Problem 14

Question

Find the transformation from the $u v$ -plane to the xy-plane and find the Jacobian. Assume that $x \geq 0$ and $y \geq 0$. $$ u=x^{2}-y^{2}, v=x+y $$

Step-by-Step Solution

Verified

Answer

The transformation is $x=\frac{u+v^2}{2v}, y=v-\frac{u+v^2}{2v}$ with Jacobian $J=2v$.
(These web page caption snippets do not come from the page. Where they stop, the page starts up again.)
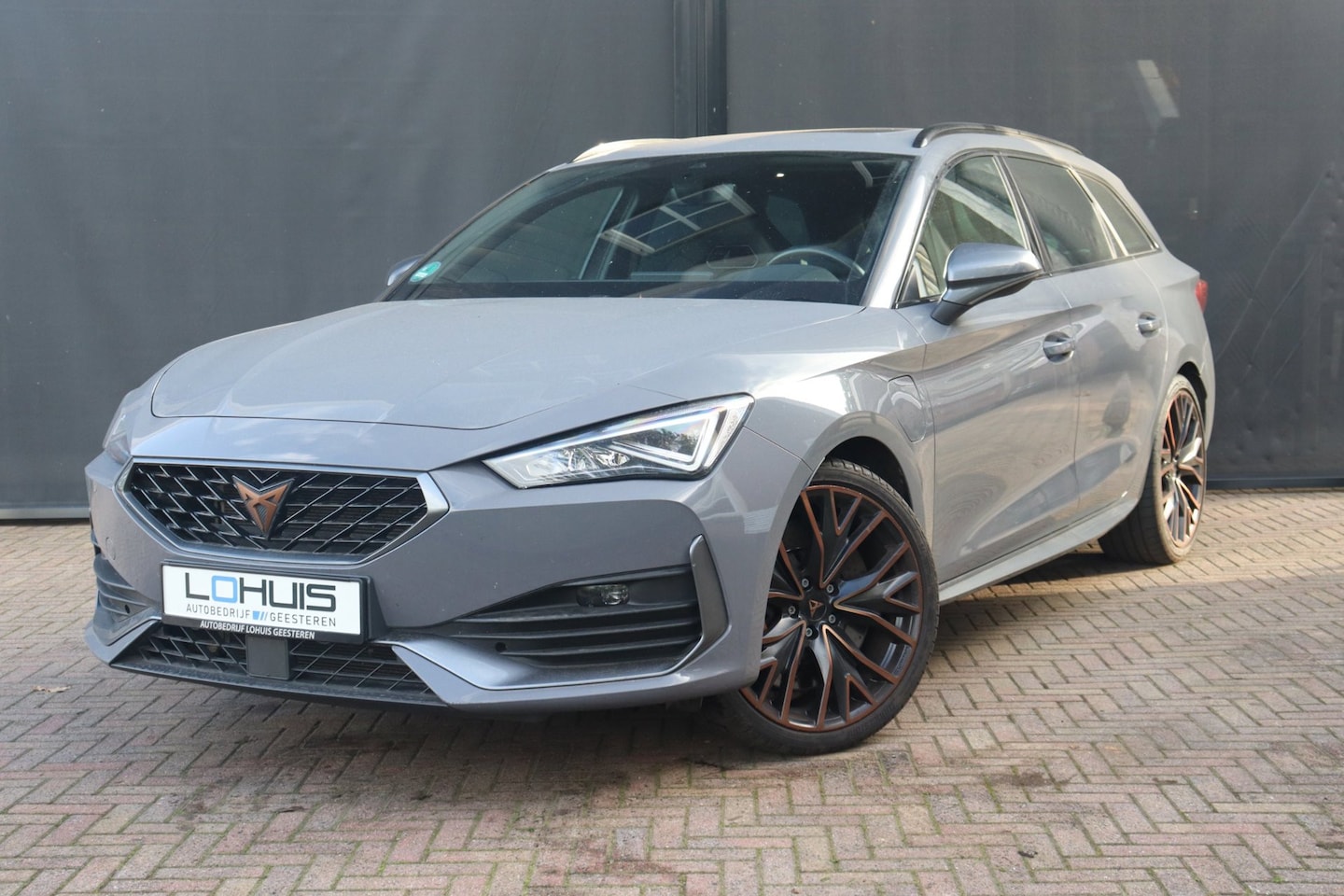 CUPRA Leon Sportstourer - 1.4 e-Hybrid VZ DSG 245PK | PANO | ACC | CARPLAY - AutoWereld.nl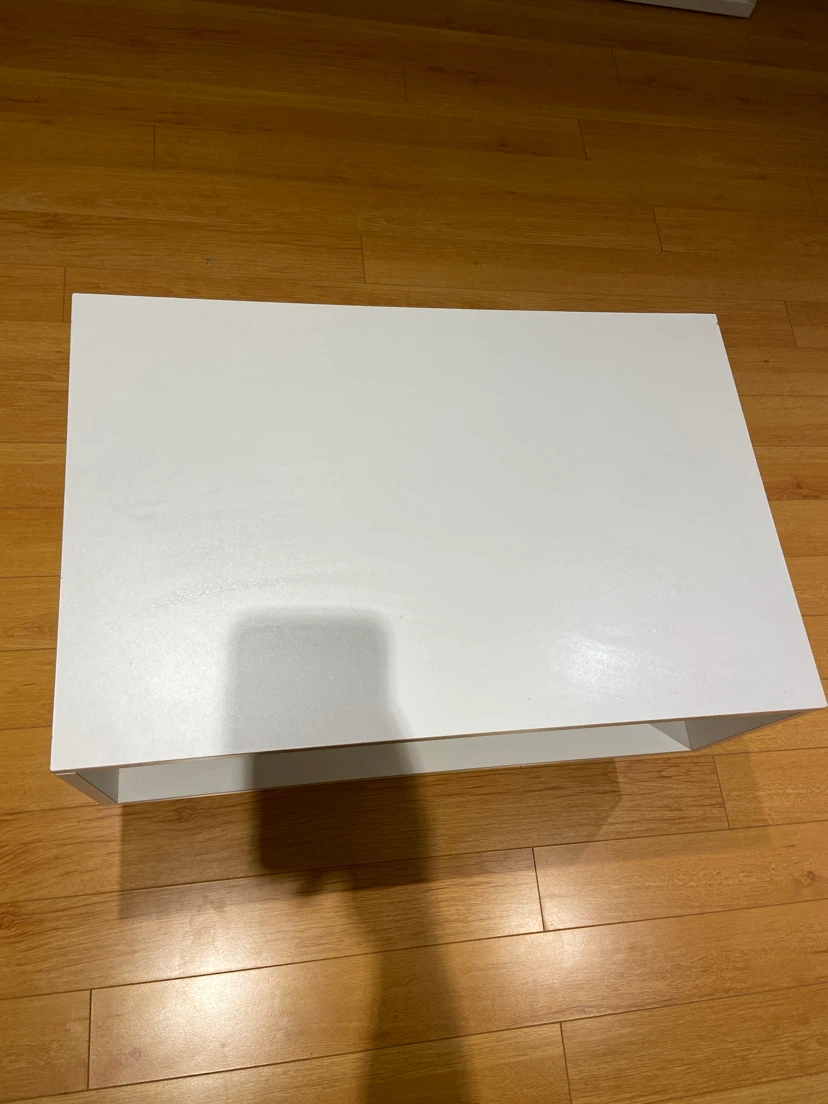 White Coffee Table with Wooden Legs - photo 2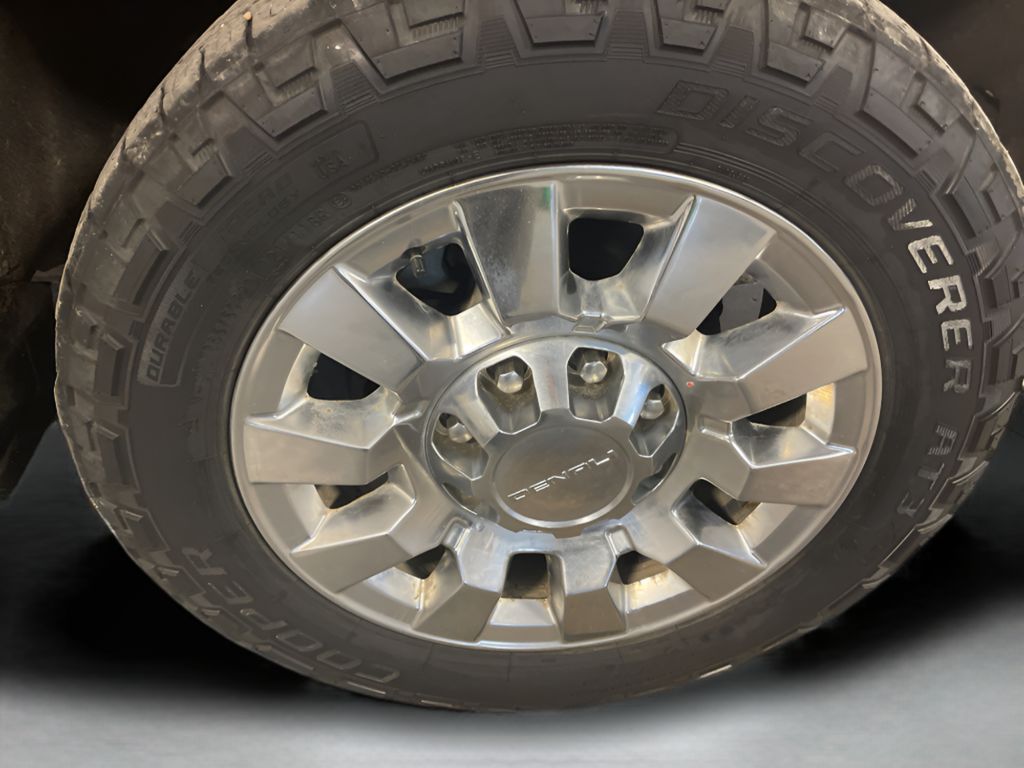 2018 Gmc Sierra 2500 Denali photo 27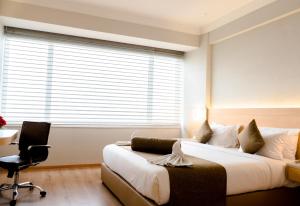 Gemini Continental, Hazratganj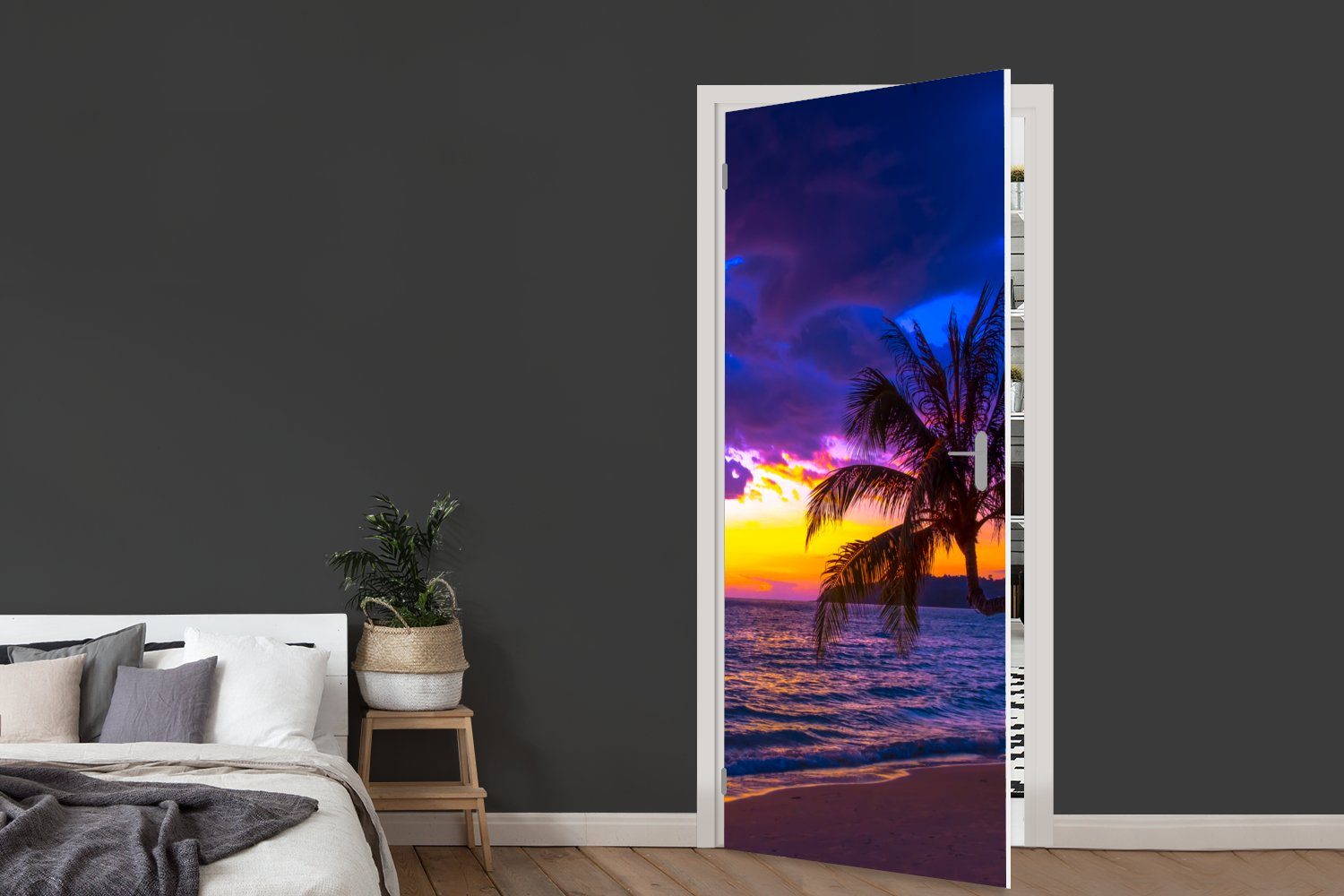 MuchoWow Meer, cm für Sonnenuntergang St), Matt, (1 - bedruckt, Palme Türaufkleber, - 75x205 - Tür, Türtapete Strand Lila - Fototapete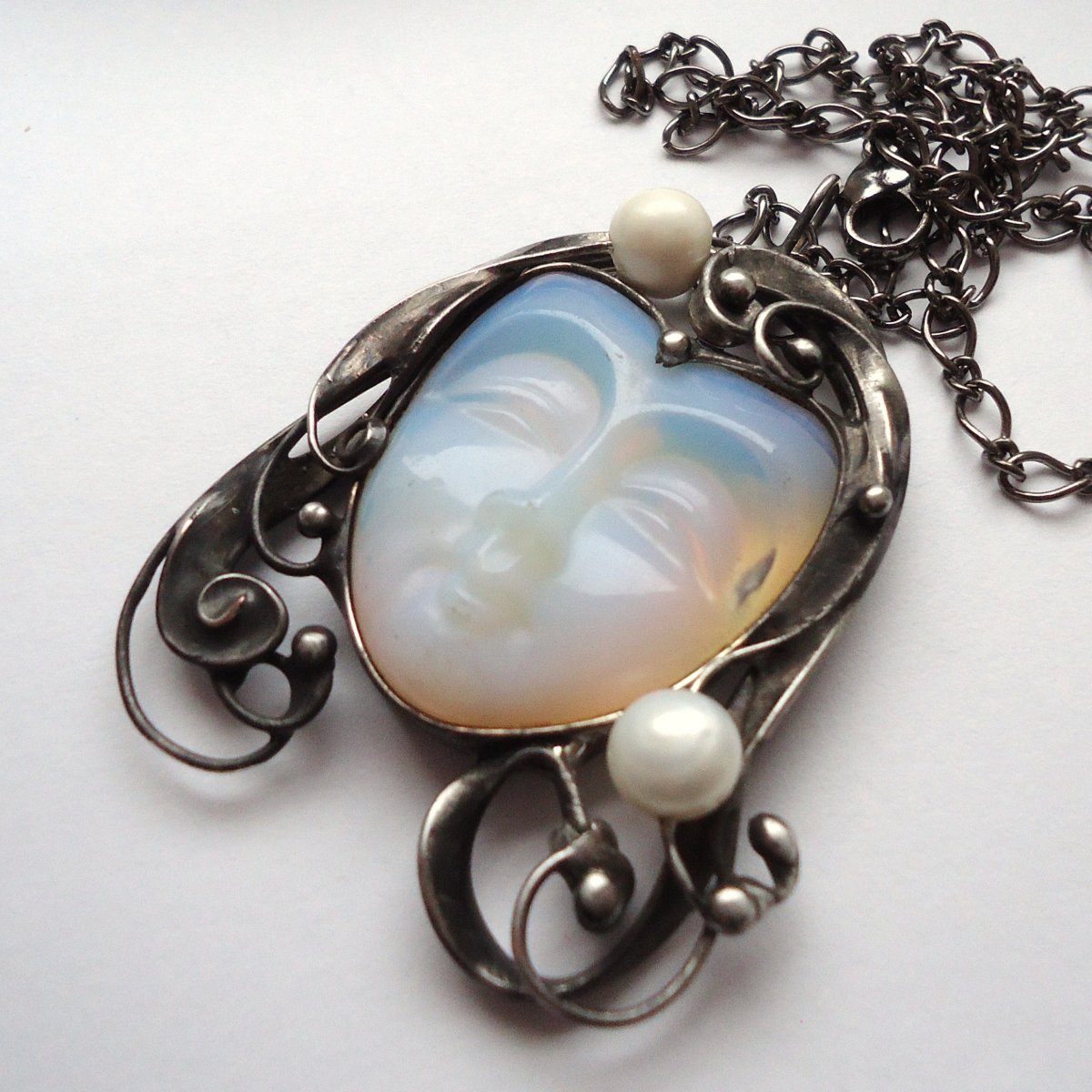 Dívka s perlami ve vlasech (opalit)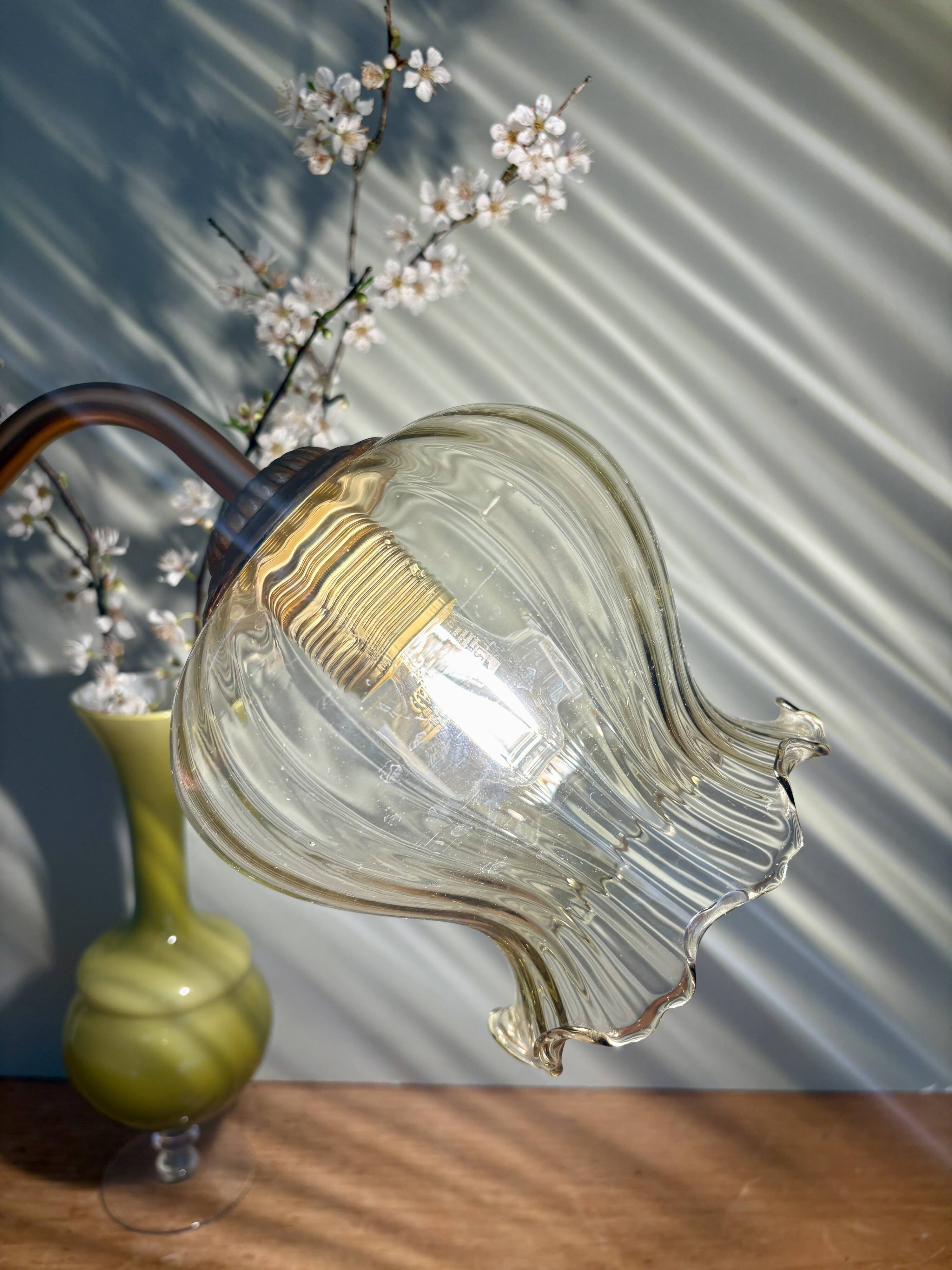 Applique coudée globe vintage en verre ambré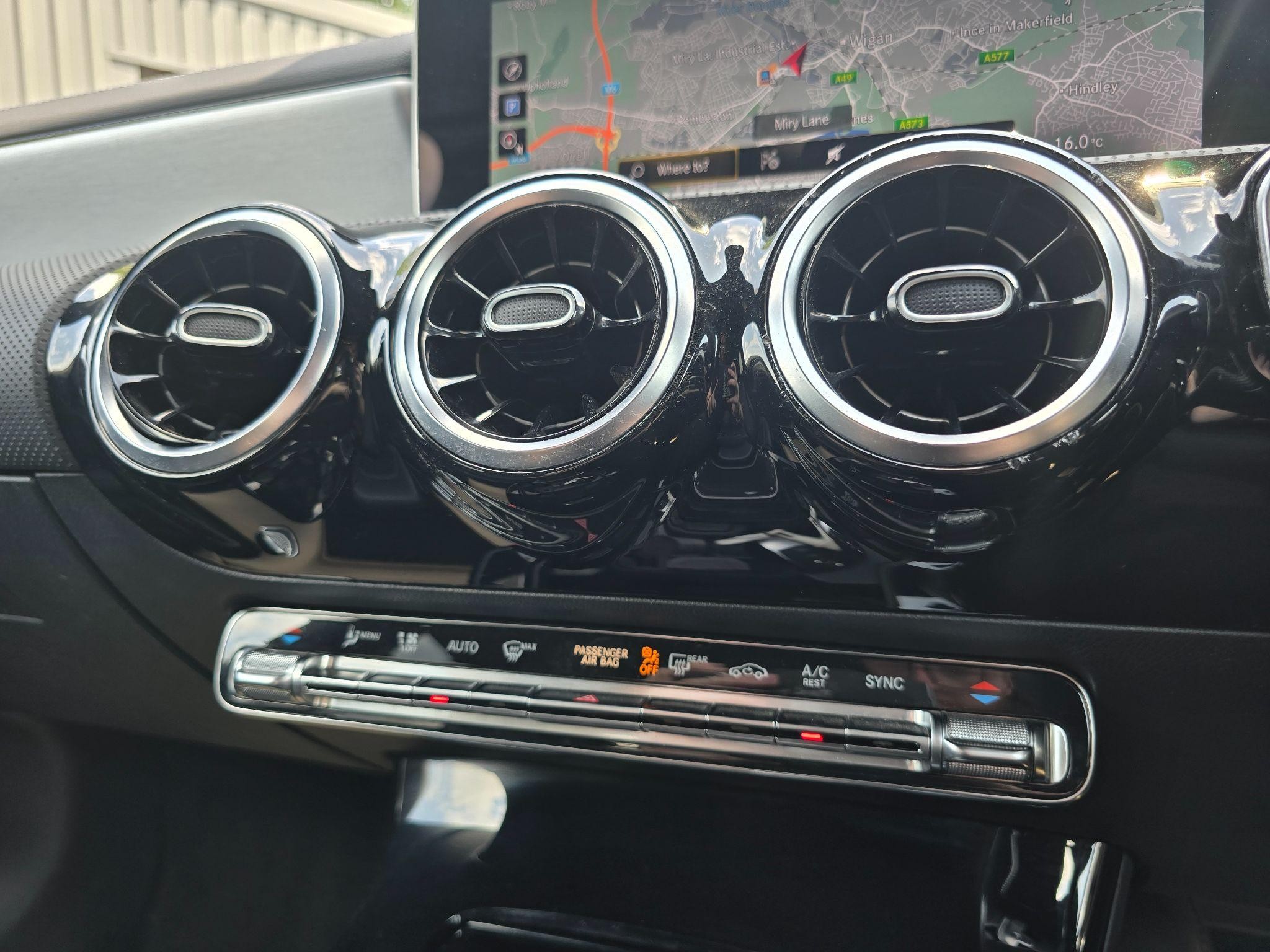 Mercedes-Benz CLA Image 23
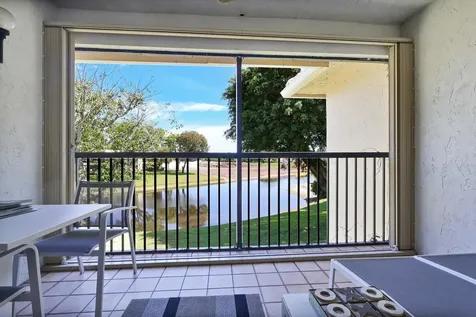 34 W Stratford Lane Lane W Boynton Beach FL 33436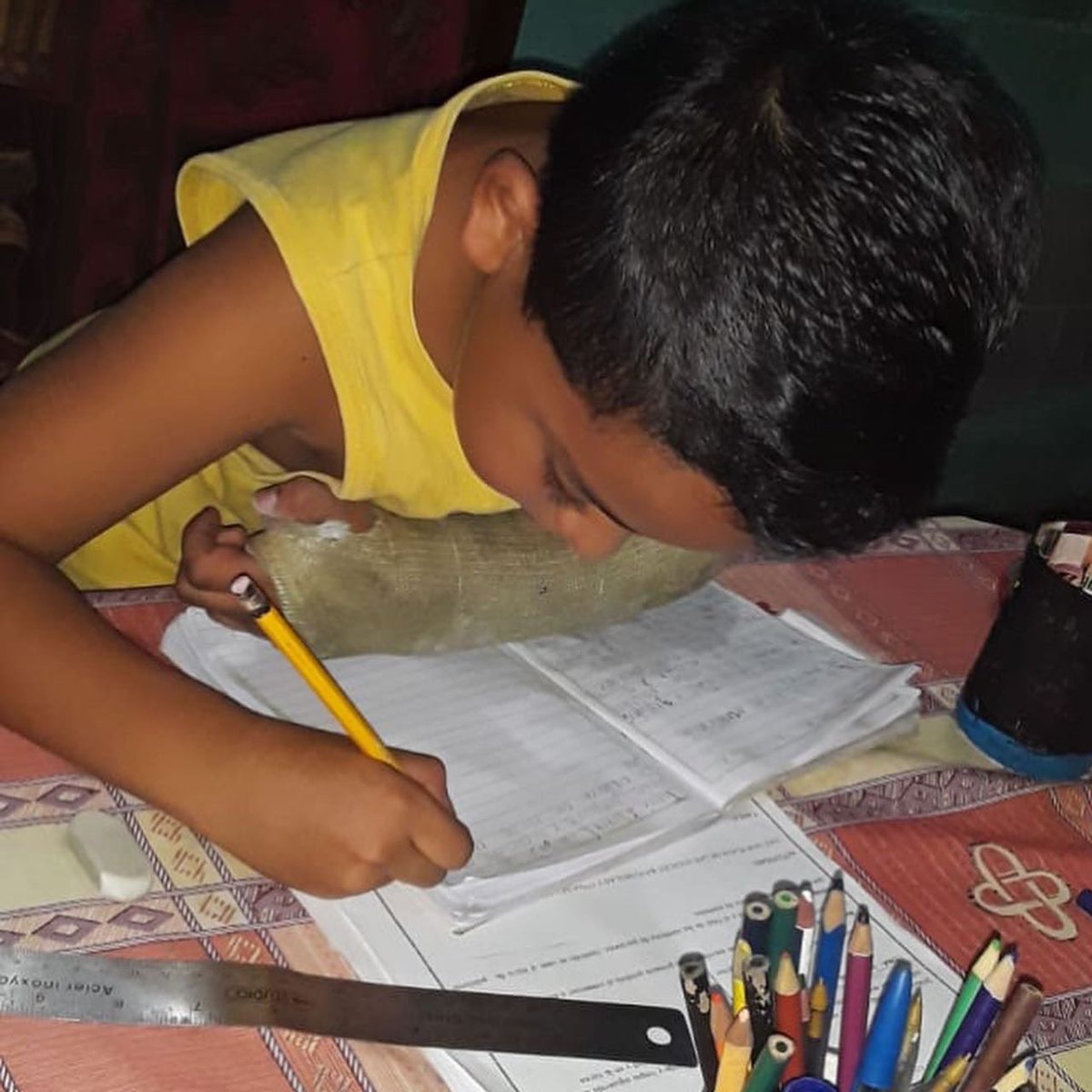 VISFoundationSV's tweet photo. Nos comparten nuestros alumnos como trabajan desde sus casas con las guías de estudios.    
#QuédateEnCasa. 
#LaFuerzaDeLaCaridad
-
@visfoundation #educacion #foundation #education #voluntariado #volunteer #future #impact #teaching #estudio #escuela #colegio #elsalvador https://t.co/LPSDCo1biQ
1Step 1: Express x and y in terms of u and v

We start with the transformation equations: $ u = x^2 - y^2 $ and $ v = x + y $. We need to express $x$ and $y$ in terms of $u$ and $v$. First, from $ v = x + y $, express $ y = v - x $. Substitute into $ u = x^2 - y^2 $, giving us: $ u = x^2 - (v - x)^2 $. Simplifying this, we obtain: $ u = x^2 - (v^2 - 2vx + x^2) = 2vx - v^2 $. This can be rearranged to $ x = \frac{u + v^2}{2v} $. Then replacing $ x $ back into $y = v - x$, we get $ y = v - \left(\frac{u + v^2}{2v}\right) $.

2Step 2: Calculate the Jacobian of the transformation

The Jacobian of the transformation from $(x, y)$ to $(u, v)$ is given by:\[J = \begin{vmatrix}\frac{\partial u}{\partial x} & \frac{\partial u}{\partial y} \\frac{\partial v}{\partial x} & \frac{\partial v}{\partial y}\end{vmatrix}\]First, calculate the partial derivatives:- $ \frac{\partial u}{\partial x} = 2x $- $ \frac{\partial u}{\partial y} = -2y $- $ \frac{\partial v}{\partial x} = 1 $- $ \frac{\partial v}{\partial y} = 1 $Then, substitute these values into the Jacobian matrix:\[J = \begin{vmatrix}2x & -2y \1 & 1\end{vmatrix} = (2x)(1) - (-2y)(1) = 2x + 2y = 2(x + y)\]Since $ v = x + y $, we have $ J = 2v $.

3Step 3: Verify sign based on the given conditions

Since it is given that $x \geq 0$ and $y \geq 0$, it follows that $v = x + y \geq 0$. Therefore, the Jacobian determinant $ J = 2v = 2(x+y) \geq 0 $. This confirms that the transformation is valid for the given domain constraints.

Key Concepts

TransformationPartial Derivativesu v-planexy-plane

Transformation

When dealing with transformations, it often involves converting coordinates from one plane to another. Here, the transformation we are discussing is from the $uv$-plane to the $xy$-plane. The given transformation equations are:

$ u = x^2 - y^2 $
$ v = x + y $

These equations help in mapping coordinates from the $xy$-plane to the $uv$-plane. But to fully understand or manipulate these points, we often need to reverse the process, meaning we express $x$ and $y$ in terms of $u$ and $v$. This is essential for transforming coordinates back to the original plane or to check the consistency of transformations.

Partial Derivatives

Partial derivatives are critical in understanding how small changes in one variable affect another in multivariable functions. When calculating the Jacobian of a transformation, partial derivatives provide insight into how each variable changes with respect to another. For the transformation from $xy$-plane to $uv$-plane, the partial derivatives needed are:

$ \frac{\partial u}{\partial x} = 2x $
$ \frac{\partial u}{\partial y} = -2y $
$ \frac{\partial v}{\partial x} = 1 $
$ \frac{\partial v}{\partial y} = 1 $

Calculating these derivatives allows us to form the Jacobian matrix, which judges how volume elements deform under the transformation. These values combine in the determinant of the Jacobian to determine the transformation's local behavior.

u v-plane

The $uv$-plane is where our transformed points reside after applying the given transformations from the $xy$-plane. Each coordinate in the $uv$-plane corresponds to a transformation of an original coordinate in the $xy$-plane.For our transformation:

$ u $ gives a measure related to $x^2 - y^2$, showcasing the difference in squared lengths.
$ v $ is the simple linear sum $x + y$, often used to simplify expressions in many analytical contexts.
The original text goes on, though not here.